Paper ID: | 616 |
---|---|

Title: | Rényi Divergence Variational Inference |

The authors propose to use alpha-divergence in place of KL divergence in variational inference. They point out that alpha in [0,1] gives a lower bound, and alpha lt 0 an upper bound on the marginal likelihood. They suggest using MC to approximate the bound and give theoretical and experimental results on the bias of this approximation for alpha neq 1. They next derive two approaches to using minibatches, analogous to the previously derived stochastic EP and Black Box alpha-divergence approaches. Finally encouraging results are presented on neural network prediction on various UCI datasets and unsupervised learning with the variational autoencoder model.

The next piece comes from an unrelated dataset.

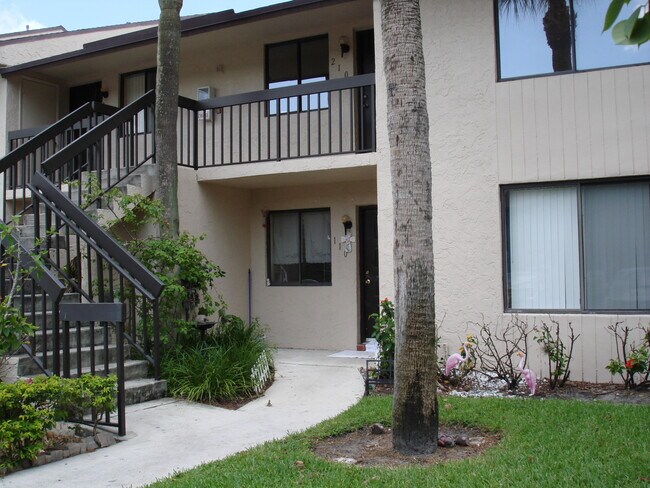Building Photo - 21950 Soundview Terrace Unit 110 Rental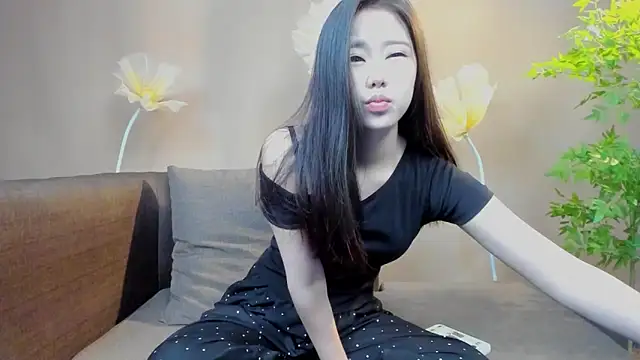 yu598188 online show from June 6, 3:00 am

The basic ideas here are sound, and it was nice to see some theory on how well MC can approximate the bound. In addition, the connections to SEP, BB-alpha and IWAE are intriguing. While these theoretical developments are nice, the paper could do more to convince one of the practical utility. The results in Fig 4 don't convince me to stop using straight VI. The theory suggests however that if I care about consistent parameter estimation or accurate marginal likelihood evaluation the proposed approaches might be very valuable. However, no empirical evidence of this is given. The results in Table 2 and Fig 6 show VR-max is close to IWAE in statistical performance, but it is only hinted at in the paper that VR-max will be computationally faster: this should be quantified explicitly. Some minor points on citations: I was surprised not to see "Divergence measures and message passing" Minka 2005 (Tech Report) being cited, since that's the first place I saw alpha-divergences (his notation is different). Also, both Variational Bayesian Inference with Stochastic Search (Paisley, Blei, Jordan) and Fixed-Form Variational Posterior Approximation through Stochastic Linear Regression (Salimans, Knowles) pre-date the black box VB paper in using MC to get gradients for VB. The later also introduced the "reparametrisation trick" beyond the Kingma/Welling VAE paper.

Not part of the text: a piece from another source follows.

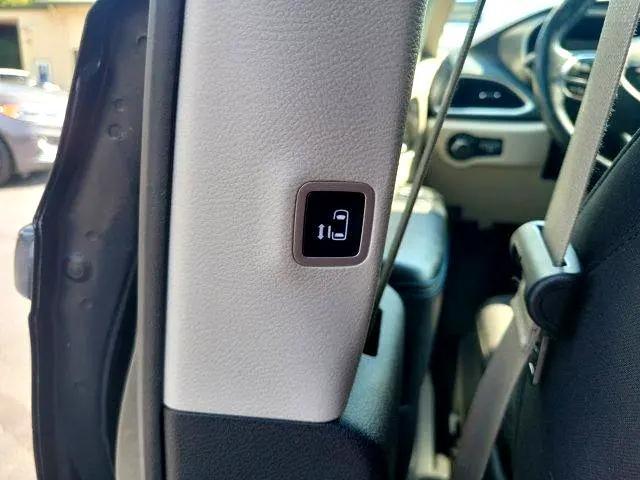 used 2021 Chrysler Pacifica Hybrid car, priced at $23,900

3-Expert (read the paper in detail, know the area, quite certain of my opinion)

The paper proposes variational Renyi bound, a novel method for variational inference using Renyi divergence. The authors show how the proposed approach generalizes variational Bayes (VB) and importance weighted auto-encoders (IWAE). Finally, the authors illustrate the usefulness of the proposed approach using Bayesian neural networks and variational auto-encoders.

The paper is very nicely written and I enjoyed reading it. How was the log-likelihood computed for VR-max? If it's an upper bound (whereas VAE produces a lower bound), wouldn't it affect the comparisons? I think it'd be worth discussing the connections between Renyi divergence and alpha-divergence. In particular, the paper "Divergence measures and message passing" by Minka, 2005 discusses the connection between variational Bayes and expectation propagation in terms of alpha divergence. Minor issues: Figure 5: Hard to see the difference between K=5 and K=50 Figure 6b: figure too hard to read. page 7, line 222: RSME -> RMSE

3-Expert (read the paper in detail, know the area, quite certain of my opinion)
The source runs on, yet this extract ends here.